Nenê won the 2013 national championship with PSG, also being chosen the league's best foreign player in 2010 while with Monaco. He also spent three months in England, with West Ham United.

Club career

Early career
Born in Jundiaí, São Paulo, Nenê started playing professionally with local Etti Jundiaí at the age of 19. On 16 May 2002 he moved to Palmeiras, on loan until December.

Nenê made his Série A debut on 11 August 2002, starting and scoring the first in a 1–1 home draw against Grêmio. He finished the year with five league goals, but his club suffered relegation for the first time in its history.

On 27 January 2003, Nenê signed for Santos still in the top division. Mainly a backup option to Robinho and Ricardo Oliveira, he still scored three goals during the team's Copa Libertadores run, and also appeared in both legs of the finals as a substitute.

Spain

In 2003–04, Nenê moved to Spain, first with RCD Mallorca – making his La Liga debut on 14 September 2003 in a 0–4 away loss against Athletic Bilbao– and then Deportivo Alavés. With the Basque side he put up two extraordinary individual seasons, with 21 goals in the league alone, playing his first year in the second division and achieving promotion.

After being relegated from the top level with Alavés in 2006, Nenê met the same fate with RC Celta de Vigo, again appearing in all 38 league games and totalling nearly 3,000 minutes of action for the Galicians.

Monaco
On 22 August 2007, Nenê was transferred to AS Monaco FC for an undisclosed fee.
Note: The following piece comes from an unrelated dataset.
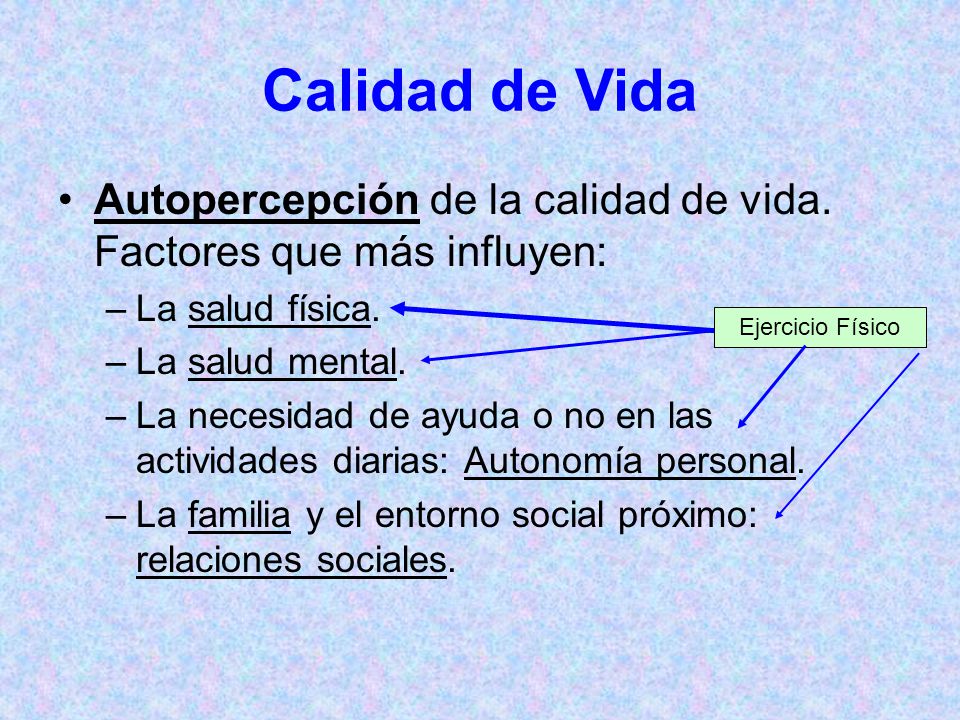 Calidad de Vida Autopercepción de la calidad de vida. Factores que más influyen: La salud física. La salud mental.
A year later, having already started with the French, he joined RCD Espanyol in the last days of the summer transfer window on a one-year loan, with a buying option for the Catalans at the season's end, which was finally not activated.
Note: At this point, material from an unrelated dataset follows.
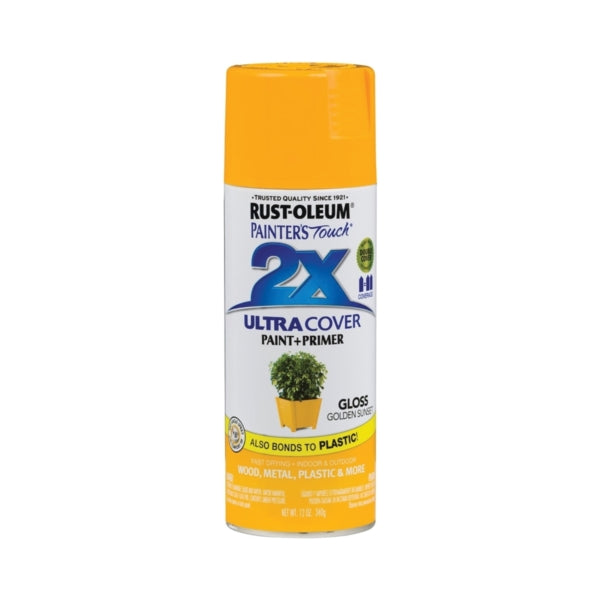 RUST-OLEUM PAINTER'S Touch 299910 Gloss Spray Paint, Gloss, Golden Sunset, 12 oz, Aerosol Can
Back with Monaco, Nenê began the new campaign in impressive scoring fashion, scoring nine goals in his first ten matches – this included a brace against US Boulogne in a 3–1 away victory, both from long-range free kicks, as he led the scoring charts for a lengthy period of time.

Paris Saint-Germain

On 11 July 2010, Nenê joined Paris Saint-Germain in a deal believed to be around €5.5 million. "I'm very happy to have signed for Paris," the player told PSG's official website, adding: "Like PSG, I'm hoping to have a big league season and to pull something off in the Europa League". He scored in his first official appearance, a 3–1 home win against AS Saint-Étienne, adding two on 11 September against newly promoted AC Arles-Avignon (4–0, home). Halfway through the season he had already registered 13 goals, making him the third-highest scorer only behind Moussa Sow and Kevin Gameiro; his displays, free-kick ability and attacking flair earned him comparisons with Ronaldinho, a compatriot who played at the Parc des Princes earlier in the decade, but he only scored one more goal until the end of the campaign, with PSG finally finishing fourth.
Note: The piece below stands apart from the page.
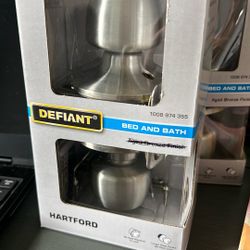 Round Locking Door Handle For Bed Or Bath (silver) 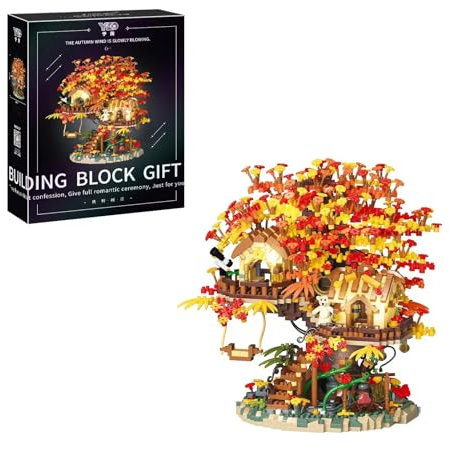 Akino Forest Style Building Toy Kit, Treehouse Building Blocks Set with LED Lights 2725PCS Micro Bricks, Miniature Tree House Model Decor,Ideal Birthday, for Age 8+ Kids Adults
In the summer of 2011, Paris Saint-Germain were purchased by Qatari investors and bought several new players, including Jérémy Menez with whom Nenê had played at Monaco. The Brazilian began the season hesitantly, struggling to accept that he had lost his star status in the team with the arrival of Javier Pastore. On 29 October, however, he scored two goals (both penalties) in a 4–2 home win against Stade Malherbe Caen, putting his team three points clear at the top of the table.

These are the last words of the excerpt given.